Selain masalah penahanan kapal, ketidakberesan administrasi dan pemerintahan di Batavia turut menjadi sorotan. Speelman dianggap memerintah semaunya tanpa meminta saran maupun berembuk dengan Dewan Hindia. Caranya memanipulasi uang dengan perintah membayar para serdadu yang kenyatannya tidak ada atau pembayaran kerja yang tidak dilakukan pun dibongkar. Tak hanya itu, pasokan lada dari pedagang pribumi juga dibayar dengan murah. “Dengan cara-cara seperti itu ia memanipulasi sejumlah besar uang, ditambah lagi di masa pemerintahannya tidak membawa keuntungan apa-apa bagi VOC,” sebut Mona.
Baca juga: Skandal Putri Gubernur Jenderal VOC
Seakan belum cukup, Speelman juga disebut terlibat dalam perdagangan swasta dan mengumpulkan kekayaan dalam jumlah besar melalui penggelapan dan penyelundupan. Akibatnya, seluruh harta kekayaannya yang ada di koloni disita oleh VOC, namun dipastikan sebagian besar hartanya itu diselundupkan ke Belanda dalam bentuk perhiasan-perhiasan berharga.
Selain Speelman, gubernur jenderal lain yang dituduh korupsi adalah Joan van Hoorn (menjabat 1704–1709). Menantu dari mantan Gubernur Jenderal Willem van Outhoorn itu dipaksa mengundurkan diri sebagai orang nomor satu di Batavia pada 1709 setelah banyak keluhan tejadinya nepotisme dan korupsi.

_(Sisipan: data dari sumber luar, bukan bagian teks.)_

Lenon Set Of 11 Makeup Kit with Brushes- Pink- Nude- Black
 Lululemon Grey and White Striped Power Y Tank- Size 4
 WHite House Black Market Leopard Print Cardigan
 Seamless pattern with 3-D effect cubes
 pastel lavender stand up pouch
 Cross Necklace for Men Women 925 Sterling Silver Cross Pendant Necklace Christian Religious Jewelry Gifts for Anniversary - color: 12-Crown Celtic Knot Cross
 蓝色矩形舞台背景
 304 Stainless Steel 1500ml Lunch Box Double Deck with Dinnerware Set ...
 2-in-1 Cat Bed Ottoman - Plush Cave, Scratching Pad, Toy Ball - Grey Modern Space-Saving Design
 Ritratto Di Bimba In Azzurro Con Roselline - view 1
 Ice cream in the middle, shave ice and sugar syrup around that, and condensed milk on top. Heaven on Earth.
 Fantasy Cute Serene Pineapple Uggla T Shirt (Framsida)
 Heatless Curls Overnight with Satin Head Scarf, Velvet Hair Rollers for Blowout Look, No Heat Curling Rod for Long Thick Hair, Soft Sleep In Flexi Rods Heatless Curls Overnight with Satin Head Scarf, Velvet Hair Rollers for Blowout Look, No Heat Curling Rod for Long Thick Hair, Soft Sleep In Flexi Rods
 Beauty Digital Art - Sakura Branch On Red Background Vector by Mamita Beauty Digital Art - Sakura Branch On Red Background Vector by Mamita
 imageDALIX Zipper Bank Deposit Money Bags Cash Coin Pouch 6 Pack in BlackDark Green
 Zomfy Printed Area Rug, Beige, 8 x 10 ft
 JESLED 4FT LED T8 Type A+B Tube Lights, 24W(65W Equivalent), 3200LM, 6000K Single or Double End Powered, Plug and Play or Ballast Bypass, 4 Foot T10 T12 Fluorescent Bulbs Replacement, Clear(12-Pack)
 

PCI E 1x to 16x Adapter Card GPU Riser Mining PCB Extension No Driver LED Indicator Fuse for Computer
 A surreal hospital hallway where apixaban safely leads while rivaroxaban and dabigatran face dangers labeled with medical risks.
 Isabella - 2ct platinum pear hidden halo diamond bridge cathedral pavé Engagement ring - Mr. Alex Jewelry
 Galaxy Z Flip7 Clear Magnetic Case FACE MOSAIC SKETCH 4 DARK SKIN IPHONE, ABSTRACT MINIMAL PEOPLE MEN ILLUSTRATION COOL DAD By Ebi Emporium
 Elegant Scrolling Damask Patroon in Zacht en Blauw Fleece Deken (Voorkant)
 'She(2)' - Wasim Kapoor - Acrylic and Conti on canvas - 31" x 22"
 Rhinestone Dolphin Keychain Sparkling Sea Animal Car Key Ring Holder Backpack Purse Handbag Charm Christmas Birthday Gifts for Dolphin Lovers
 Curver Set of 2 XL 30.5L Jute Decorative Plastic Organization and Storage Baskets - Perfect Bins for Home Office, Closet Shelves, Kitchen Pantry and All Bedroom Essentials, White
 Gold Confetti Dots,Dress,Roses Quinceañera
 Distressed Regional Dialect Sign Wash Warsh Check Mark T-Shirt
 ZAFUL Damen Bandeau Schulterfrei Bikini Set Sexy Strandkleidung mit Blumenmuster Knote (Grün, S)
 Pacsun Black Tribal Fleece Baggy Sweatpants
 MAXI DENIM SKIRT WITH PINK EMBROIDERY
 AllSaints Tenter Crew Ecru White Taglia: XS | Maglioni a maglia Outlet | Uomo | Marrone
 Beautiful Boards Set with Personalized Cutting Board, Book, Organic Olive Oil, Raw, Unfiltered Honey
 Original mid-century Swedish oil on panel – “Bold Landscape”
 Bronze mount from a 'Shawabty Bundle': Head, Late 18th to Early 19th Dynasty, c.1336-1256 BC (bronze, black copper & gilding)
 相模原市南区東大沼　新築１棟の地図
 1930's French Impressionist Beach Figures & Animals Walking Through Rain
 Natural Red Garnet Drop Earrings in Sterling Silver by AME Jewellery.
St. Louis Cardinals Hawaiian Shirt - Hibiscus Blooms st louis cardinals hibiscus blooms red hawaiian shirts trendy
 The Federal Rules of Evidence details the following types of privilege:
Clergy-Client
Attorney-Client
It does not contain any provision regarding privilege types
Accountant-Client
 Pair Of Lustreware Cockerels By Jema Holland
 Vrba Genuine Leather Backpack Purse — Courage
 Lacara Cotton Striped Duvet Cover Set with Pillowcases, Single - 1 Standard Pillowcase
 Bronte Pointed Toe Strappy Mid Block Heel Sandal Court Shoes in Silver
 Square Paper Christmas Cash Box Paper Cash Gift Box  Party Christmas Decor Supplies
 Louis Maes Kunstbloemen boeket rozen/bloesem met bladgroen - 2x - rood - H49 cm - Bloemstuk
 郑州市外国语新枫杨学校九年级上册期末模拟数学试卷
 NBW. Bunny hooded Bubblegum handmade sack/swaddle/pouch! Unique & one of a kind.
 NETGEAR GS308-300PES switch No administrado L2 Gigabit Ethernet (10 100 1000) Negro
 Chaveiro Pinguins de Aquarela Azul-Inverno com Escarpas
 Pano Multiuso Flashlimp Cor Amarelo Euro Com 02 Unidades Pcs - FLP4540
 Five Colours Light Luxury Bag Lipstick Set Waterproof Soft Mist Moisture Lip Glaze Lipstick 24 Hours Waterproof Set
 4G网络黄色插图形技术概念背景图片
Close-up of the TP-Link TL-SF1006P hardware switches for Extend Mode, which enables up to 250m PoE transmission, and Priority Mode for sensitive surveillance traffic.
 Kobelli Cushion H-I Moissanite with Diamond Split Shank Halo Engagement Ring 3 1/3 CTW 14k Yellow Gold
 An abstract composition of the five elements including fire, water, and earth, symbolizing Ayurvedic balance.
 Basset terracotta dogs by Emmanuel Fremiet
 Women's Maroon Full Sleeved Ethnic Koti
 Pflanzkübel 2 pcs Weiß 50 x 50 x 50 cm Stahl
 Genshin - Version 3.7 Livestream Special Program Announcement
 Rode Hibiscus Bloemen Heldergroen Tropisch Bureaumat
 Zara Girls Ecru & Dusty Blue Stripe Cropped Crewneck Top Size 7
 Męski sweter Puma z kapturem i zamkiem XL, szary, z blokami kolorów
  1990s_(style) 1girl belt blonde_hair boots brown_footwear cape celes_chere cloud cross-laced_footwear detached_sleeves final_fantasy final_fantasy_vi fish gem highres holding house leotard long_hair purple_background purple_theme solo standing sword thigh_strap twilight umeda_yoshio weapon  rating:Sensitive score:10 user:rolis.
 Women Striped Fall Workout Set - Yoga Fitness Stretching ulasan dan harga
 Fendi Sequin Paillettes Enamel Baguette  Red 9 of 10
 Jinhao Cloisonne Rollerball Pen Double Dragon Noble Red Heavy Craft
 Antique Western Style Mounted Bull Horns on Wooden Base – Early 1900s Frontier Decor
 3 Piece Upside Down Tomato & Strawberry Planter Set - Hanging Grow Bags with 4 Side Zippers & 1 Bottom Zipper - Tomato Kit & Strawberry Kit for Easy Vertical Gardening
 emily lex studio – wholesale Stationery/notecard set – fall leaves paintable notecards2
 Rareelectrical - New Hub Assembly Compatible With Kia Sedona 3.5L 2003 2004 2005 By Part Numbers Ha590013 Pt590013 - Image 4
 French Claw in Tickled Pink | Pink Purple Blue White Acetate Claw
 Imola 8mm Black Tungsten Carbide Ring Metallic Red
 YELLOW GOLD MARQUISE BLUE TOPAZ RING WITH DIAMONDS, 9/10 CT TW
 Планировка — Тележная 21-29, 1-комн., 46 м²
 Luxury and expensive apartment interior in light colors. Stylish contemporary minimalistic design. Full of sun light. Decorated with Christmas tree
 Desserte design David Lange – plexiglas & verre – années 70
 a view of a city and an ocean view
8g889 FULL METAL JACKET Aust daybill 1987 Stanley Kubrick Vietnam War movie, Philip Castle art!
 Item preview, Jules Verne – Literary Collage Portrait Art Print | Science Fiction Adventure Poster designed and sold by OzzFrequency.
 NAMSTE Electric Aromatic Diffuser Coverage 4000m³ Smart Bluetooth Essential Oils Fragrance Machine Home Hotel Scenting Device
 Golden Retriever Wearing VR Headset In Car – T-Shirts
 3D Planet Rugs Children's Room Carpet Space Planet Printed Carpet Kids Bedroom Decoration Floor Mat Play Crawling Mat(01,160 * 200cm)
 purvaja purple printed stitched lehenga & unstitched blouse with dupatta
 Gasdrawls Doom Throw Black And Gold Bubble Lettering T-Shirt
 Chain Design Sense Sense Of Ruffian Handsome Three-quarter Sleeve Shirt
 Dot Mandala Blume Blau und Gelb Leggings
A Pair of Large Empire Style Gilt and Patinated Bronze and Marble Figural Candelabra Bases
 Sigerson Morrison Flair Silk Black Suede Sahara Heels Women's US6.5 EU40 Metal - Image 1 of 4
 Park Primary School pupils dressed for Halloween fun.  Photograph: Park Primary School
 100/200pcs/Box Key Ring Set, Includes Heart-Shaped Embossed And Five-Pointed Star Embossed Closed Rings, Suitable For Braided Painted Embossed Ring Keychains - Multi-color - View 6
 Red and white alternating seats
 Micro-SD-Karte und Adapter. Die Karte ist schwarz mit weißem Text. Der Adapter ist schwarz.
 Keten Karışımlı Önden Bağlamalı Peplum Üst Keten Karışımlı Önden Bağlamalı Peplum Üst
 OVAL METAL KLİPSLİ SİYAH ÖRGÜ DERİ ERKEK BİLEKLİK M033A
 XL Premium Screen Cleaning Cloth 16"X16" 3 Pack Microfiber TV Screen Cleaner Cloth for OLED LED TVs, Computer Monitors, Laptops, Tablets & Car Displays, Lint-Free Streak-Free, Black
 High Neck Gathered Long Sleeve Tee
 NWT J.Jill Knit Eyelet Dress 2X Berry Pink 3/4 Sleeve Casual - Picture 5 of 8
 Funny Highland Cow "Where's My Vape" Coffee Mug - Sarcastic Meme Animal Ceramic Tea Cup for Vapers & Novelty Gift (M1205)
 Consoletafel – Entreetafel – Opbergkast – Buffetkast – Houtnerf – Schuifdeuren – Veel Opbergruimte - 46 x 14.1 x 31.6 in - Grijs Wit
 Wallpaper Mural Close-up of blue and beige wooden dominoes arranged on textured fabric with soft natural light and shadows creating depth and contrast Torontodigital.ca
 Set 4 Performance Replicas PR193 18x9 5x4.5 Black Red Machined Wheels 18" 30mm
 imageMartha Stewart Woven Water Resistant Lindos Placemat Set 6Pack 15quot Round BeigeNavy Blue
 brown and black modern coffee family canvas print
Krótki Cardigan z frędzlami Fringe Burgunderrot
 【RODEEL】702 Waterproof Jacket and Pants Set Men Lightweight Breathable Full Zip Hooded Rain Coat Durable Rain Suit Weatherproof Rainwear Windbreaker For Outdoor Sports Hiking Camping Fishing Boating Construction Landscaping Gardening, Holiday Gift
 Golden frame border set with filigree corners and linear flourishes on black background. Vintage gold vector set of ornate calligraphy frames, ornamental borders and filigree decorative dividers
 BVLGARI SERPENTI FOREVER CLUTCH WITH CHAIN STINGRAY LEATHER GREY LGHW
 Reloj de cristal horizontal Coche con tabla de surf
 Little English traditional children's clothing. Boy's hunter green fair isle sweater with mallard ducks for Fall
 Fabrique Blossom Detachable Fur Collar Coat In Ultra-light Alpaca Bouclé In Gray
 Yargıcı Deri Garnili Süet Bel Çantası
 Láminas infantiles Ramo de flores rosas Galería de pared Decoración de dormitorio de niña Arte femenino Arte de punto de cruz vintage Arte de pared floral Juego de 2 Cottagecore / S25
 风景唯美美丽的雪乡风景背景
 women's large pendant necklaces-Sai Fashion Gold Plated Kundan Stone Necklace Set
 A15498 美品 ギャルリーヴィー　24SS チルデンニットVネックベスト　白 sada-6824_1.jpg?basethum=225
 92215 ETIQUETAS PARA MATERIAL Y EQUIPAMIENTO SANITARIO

Tudingan korupsi bukan yang pertama kali dalam keluarga Van Hoorn. Sejarawan Nonja Peters dalam The Christian Slaves of Depok: A Colonial Tale Unravels menyebut tuduhan tersebut juga pernah diarahkan kepada ayahnya, Pieter van Hoorn yang pernah menjabat sebagai anggota Dewan Hindia.
“Gubernur Jenderal Joan Maetsuyker memberhentikan Pieter van Hoorn dari Dewan Hindia atas tuduhan korupsi, dan kekayaan yang konon diwariskan putranya, Joan kepada putrinya Pieternelltje, juga dipandang dengan penuh kecurigaan oleh beberapa penulis,” tulis Peters.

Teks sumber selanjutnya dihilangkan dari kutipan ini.